Character class shortcuts used to be easy because ASCII was easy. Either of those were easy if ASCII was what you wanted, but quite limiting otherwise. Perl v5.6 introduced Unicode support and the world started to change.

evolution

A good programmer is always trying to eliminate ambiguity. Their code should work the same way everywhere, but character class shortcuts can’t guarantee that anymore. I wrote about these a bit in Know your character classes for The Effective Perler.

Explaining these in the first Learning Perl was easy because it was simpler times. Strings were a sequence of octets, each of which represented a particular character in the range from 0 to 127 (above that not so much).

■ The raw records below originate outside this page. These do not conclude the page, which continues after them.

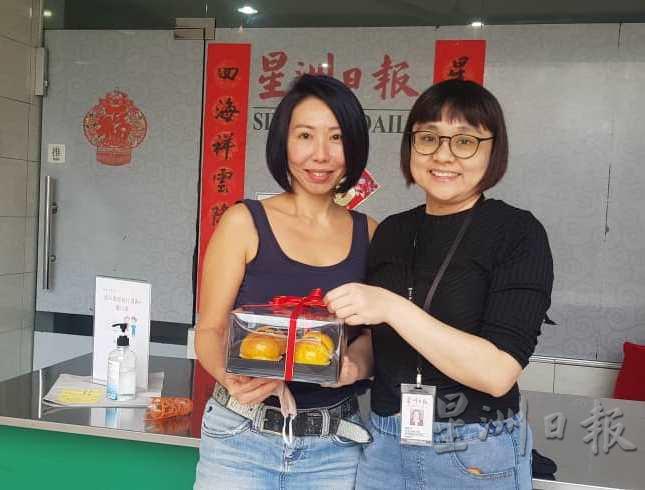 Macaron Seduction的邓丽清（左）是中秋佳节送礼活动的合作伙伴之一，为本报提供美味的上海月饼。右为本报市场兼学生阅报计划高级执行员潘静雯。
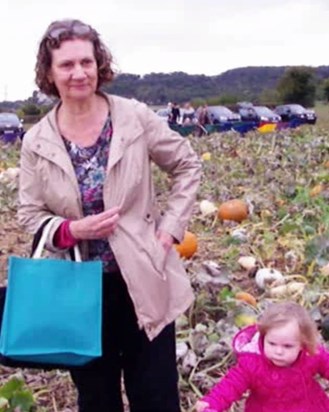 a happy Grandma with little Ava in a pumpkin field close to Halloween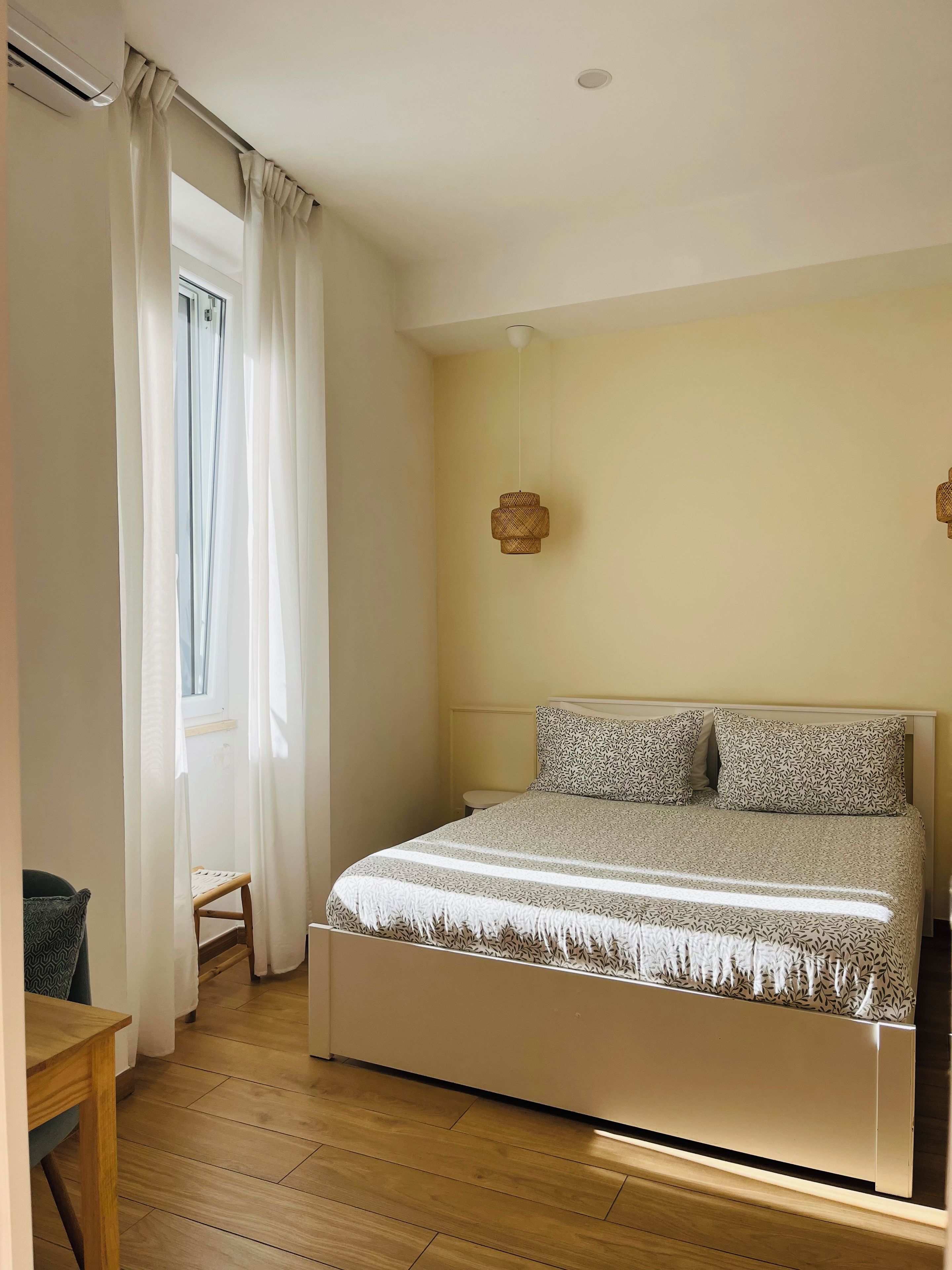 Una camera da letto con un letto, una finestra con tende, una lampada a sospensione e un termosifone.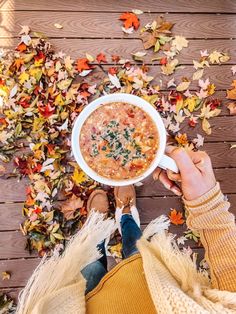 a person holding a bowl of soup in front of autumn leaves on a wooden floor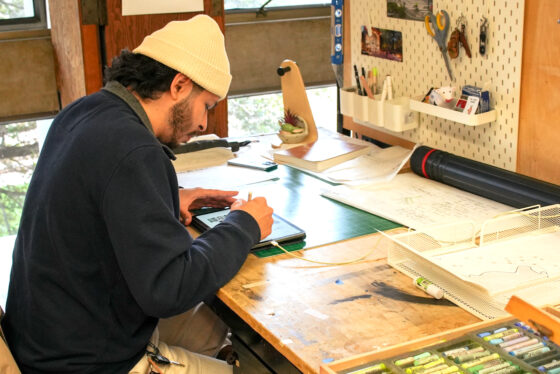 Student in hat drawing on tablet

This made the character classes easy:

\d [0-9] digits
\s [ \f\t\n\r] whitespace (but not vertical tab)
\w [a-zA-Z0-9_] “word” characters

Perl v5.6 added a new sort of string. Now we had the raw, octet strings (something the bytes module lets you peek at), and UTF-8 strings. We’re not supposed to know any of this, but there it is. If you’ve used some of the JSON modules, you might have been forced to remember this because they expect UTF-8 input like you’d take directly out of an HTTP message body or a raw read from the disk. That’s already stored as UTF-8 before Perl does anything with it.

Perl v5.10 shifted the meaning of \w and \d. The perlrecharclass docs note three situations for the new \w:

  • If the internal representation is UTF-8, \w matches “those characters that are considered word characters in the Unicode database”
  • If there’s a locale in effect, \w matches “those characters that are considered word characters by the current locale.”
  • If neither of those, they match [A-Za-z0-9_].

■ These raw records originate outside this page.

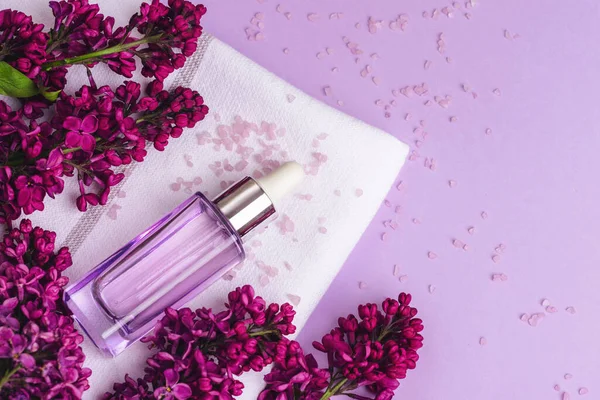 Serum bottle and lilac flowers on light purple background. Natural cosmetics, skin care concept. Top view, flat lay.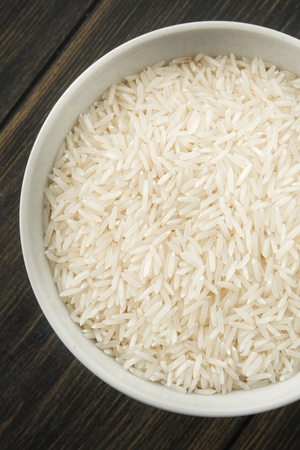 Raw Basmati rice in white porcelain bowl on dark wooden background top viewの写真素材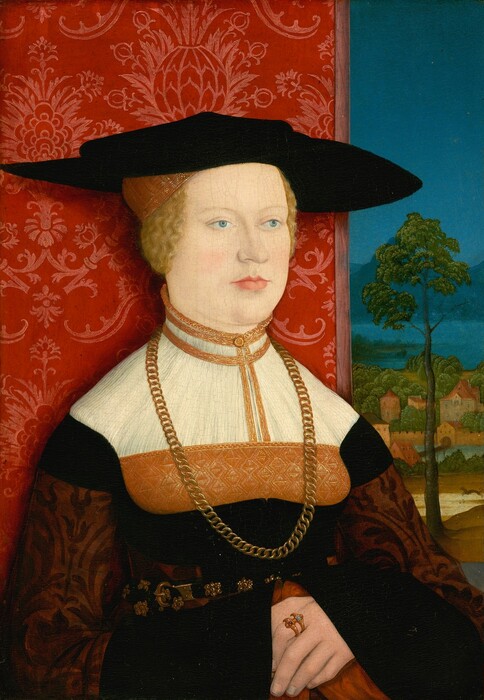 Shown from the waist up, a light-skinned woman sits angled slightly to our right in this vertical portrait painting. The woman has blue eyes, faint brows, and a sloping nose ending in a small bulb. Her upper lip is thin and her lower lip full over a slight double chin. Her blond hair is pulled back under a gold, cap-like headdress and a black, wide-brimmed hat with a shallow crown. She wears a high-necked white, black, and gold dress with intricate detailing, a gold chain necklace that falls to her waist, and a black belt with a gold clasp and medallions. She wears two gold rings set with gems on the pointer finger of her left hand, which is folded across her belly over the other hand. A scarlet-red wallcovering with pink floral designs fills two-thirds of the space behind her. The rightmost third of the background opens onto a landscape with a tall, spindly tree, a leaping animal, presumably a dog, and a bridge across a body of water leading to a town. Across another body of water, perhaps a lake, mountains are marine blue in the distance under a clear, celestial-blue sky.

Take a moment to realize how cool perldoc.perl.org is. You can look up the docs back to v5.8.8. Now we just need a visual representation of the differences over all versions.

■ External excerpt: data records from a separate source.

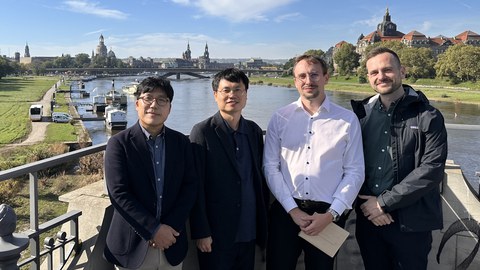 Group photo: four people smiling at the camera. In the background: the Elbe, Carola Bridge and the skyline of the old town with the Frauenkirche, Hofkirche and castle.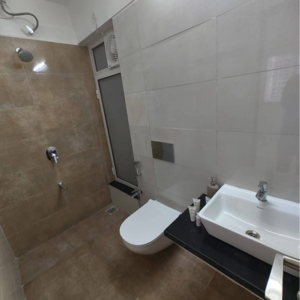 Bathroom in 2 BHK Apartment at Omkar Signet, Malad East – for Rent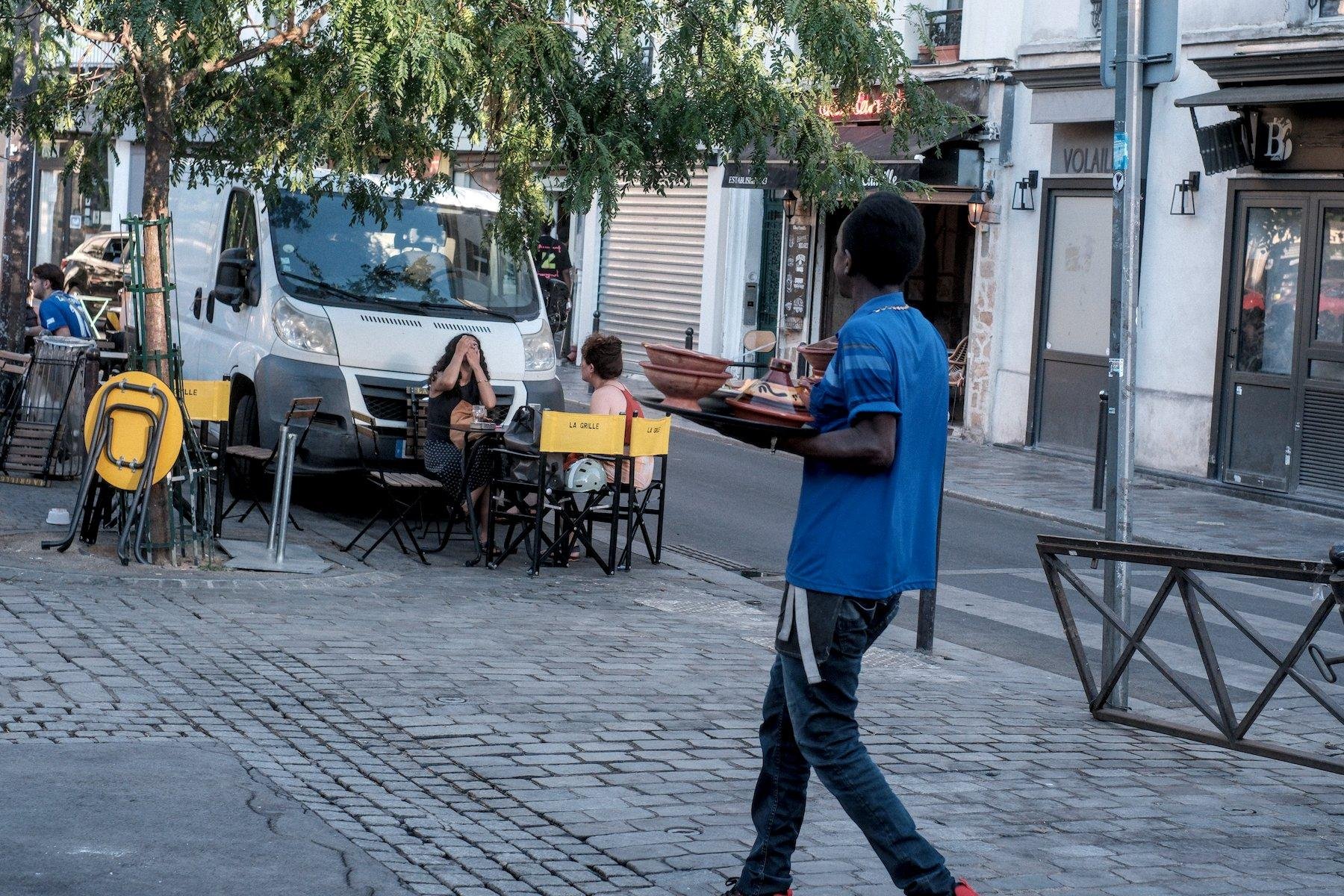 Photo horizontale. Sure une place pavée parisienne, un homme en haut bleu et jean, transporte un plateau plein de plats exotiques vers la terrasse du restaurant sur la place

The middle situation with the locale doesn’t bother me that much. The match operator will not untaint data when the character class shortcuts are subject to locale definitions since those definitions are external data (so tainted themselves). Security isn’t the only issue though. Correct and expected behavior counts for something.

The \d meaning shifted too. Instead of 10 ASCII digits, it matches 550 characters in v5.24, all of them decimal digits albeit from different scripts. The \s matched five characters up to v5.10, then expanded to include the Unicode spaces in the UTF-8 case. In v5.18, \s matched the vertical tab in the default ASCII mode (if anyone uses the vertical tab for its purpose, please tell me about it in the comments). In v5.24, it matches 22 characters in Unicode mode. That’s the situation now.

How do you know which situation your pattern will encounter? You can have UTF-8 and octet strings in the same program. Which one will end up in the variable you bind to the match or substitution?

Knowing something can go wrong isn’t as important as figuring out the consequence of that. We’re all probably sloppy with some patterns until something makes us pay more attention. If we match an Arabic-Indic numeral (like ٩), how devastating will that be? Or, does anyone care that you might miss out on matching a vertical tab? I didn’t find any public security issues where the character class shortcut was the problem.